Написал сейчас это и усомнился сам - неужели такое было действительно возможно? Вернее всего, обеденный перерыв длился не 45, а 60 минут., и моя поездка в редакцию и возвращение произошли в течение часа.

Немного проще стало, когда я перешел работать в редакцию газеты «Московский железнодорожник» (сокращенно называю ее МоЖ). Теперь я стал более свободен, а два года спустя, принятый в Союз журналистов, получил разрешение беспрепятственно работать в научном зале Ленинки как член творческого союза. (Думаю, немногие из сотрудников многотиражек воспользовались этим правом). Но в газете были свои трудности. Прежде всего, большой объем работы - 2 тысячи строк написанных материалов были нашей ежемесячной нормой. Сотрудники больших газет, услыхав о таком объеме, приходили в ужас. 

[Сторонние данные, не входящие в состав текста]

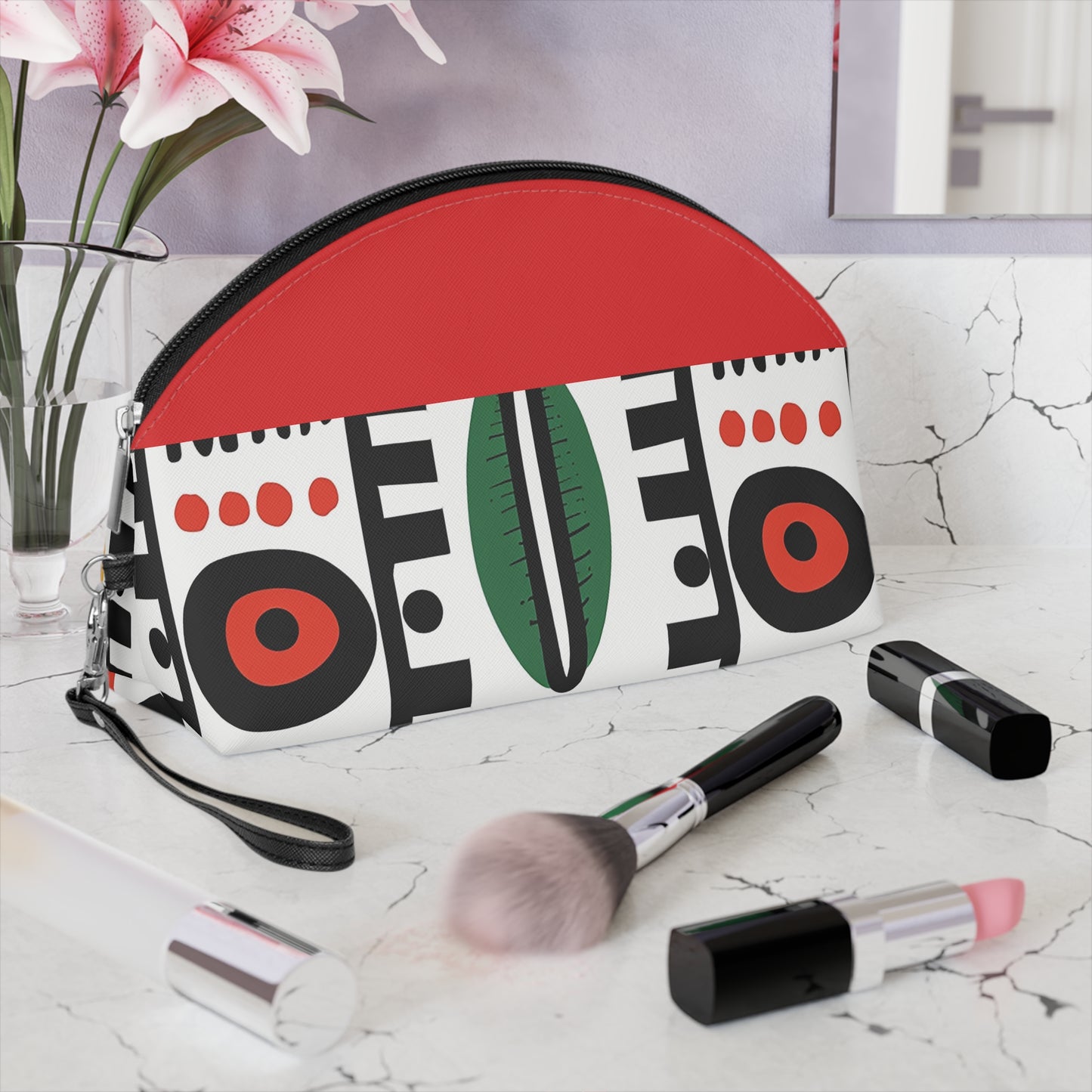 Afrobeat Harmony Makeup Bag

Я был корреспондентом по Окружному отделению Московской дороги, иначе говоря, окружной железной дороге. До 1960 года по ней проходила граница Москвы, а затем столица расширилась и дорога вошла в пределы города. Предполагалось, что со временем железная дорога будет электрифицирована и по ней пойдут электрички,. Поэтому при строительстве станции метро «Ленинский проспект» в центре зала  был предусмотрен третий выход для пересадки на железнодорожную станцию.

Однако долгие годы виды столицы в дневное время и огни ночью имел возможность созерцать лишь  машинист и помощник из кабины тепловоза, тянущего по Окружной вереницу товарных вагонов - на кольце не было пассажирского движения... Об этом был тогда написан мой очерк «Огни Москвы». Однако и локомотивная бригада не могла позволить себе это - гораздо важнее голубоватых огней уличных фонарей и неоновых реклам для них были огни семафоров - зеленый, желтый и красный.. И только в наше время давний план был претворен в жизнь. - по малому кольцу Окружной дороги, которое именуется теперь МЦК, (Московское центральное кольцо) пошли электропоезда, из окон которых пассажиры действительно любуются Москвой в дневное время, и огнями столицы в вечернее.

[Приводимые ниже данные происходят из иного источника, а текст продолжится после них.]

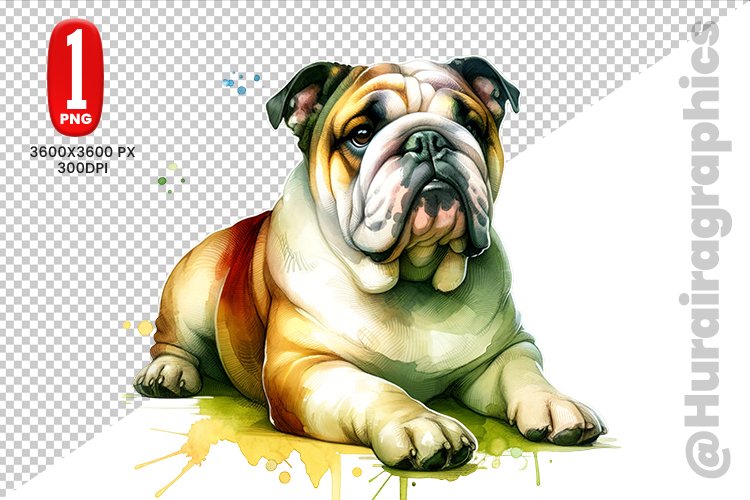 Bulldog Clipart Image 6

Естественно, в железнодорожной газете приходилось писать о «работниках стальных магистралей» - машинистах, помощниках машинистов, диспетчерах, дежурных по станции, электромонтерах пути, рабочих пути… Писал на самые разные темы - о рабочих династиях, когда люди двух и даже трех поколений работали на одном предприятии. О локомотивной бригаде - машинисте и помощнике тепловоза, уехавших по комсомольской путевке на БАМ. Об овощном конвейере - завозе в Москву фруктов и овощей, вагоны с которыми разгружались на станциях Окружной.

Для предотвращения вероятности  несчастных случаев, вместе с юрисконсультом объехал кольцо, побывал на опасных перегонах, где жители близлежащих домов переходили железную дорогу в неустановленных местах - в результате увиденного был написан материал, где предлагалось или обозначить эти места для снижения скорости, или оградить их, закрыв возможность для прохода. В апрельские дни ленинских субботников давал в газету не одну а две информации - помимо обычной, о числе работников отделения, принимавших участие в субботнике, была и другая - о митинге со станции, откуда отправлялся состав с новыми грузовиками, только сошедшими с конвейера Автозавода имени Лихачева.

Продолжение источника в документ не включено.